It is a command-line tool written in node.js. Hence, you must first install node.js and npm packages before installing vtop. Using this tool, you can easily educador CPU usage and memory usage, something you can do in other command-line tools like top.

$ sudo apt-get install node.js

$ sudo apt-get install npm

$ sudo npm install -g vtop

7. nmon

nmon is a simple-to-use system monitoring tool for Linux and its distros, such as Ubuntu. It gives you a quick overview of what’s going on with your server.

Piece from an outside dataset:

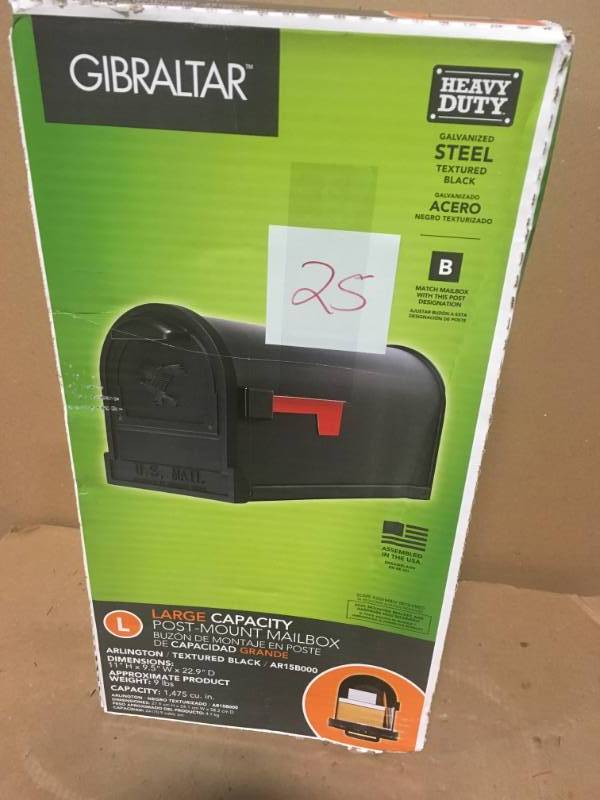 Gibraltar Mailboxes Arlington Premium Steel Post-Mount Mailbox, Black not used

This monitoring tool displays the usage stats of CPU, memory, network, disks, file system, NFS, top processes, and resources. The best thing is you can select what the nmon displays, and what you have to do is simply press specific keys to toggle stats.

$ sudo apt-get install nomn

8. atop

atop is an advanced interactive system and process educador that displays the load on the Linux system. It shows the stats of the most critical hardware resources, such as CPU, memory, disk, and network.

You can log resource utilization permanently if you want it for long-term analysis.

$ sudo apt-get install atop

9. gotop

gotop is another command-line graphical system monitoring tool for Ubuntu and other Linux distros. Along with Linux, gotop is also available for macOS.

It is inspired by vtop and gtop. But unlike them, it does not use node.js. Instead, it is written in Go. You can educador CPU usage, disk usage, CPU temperature, memory usage, network usage, and process table.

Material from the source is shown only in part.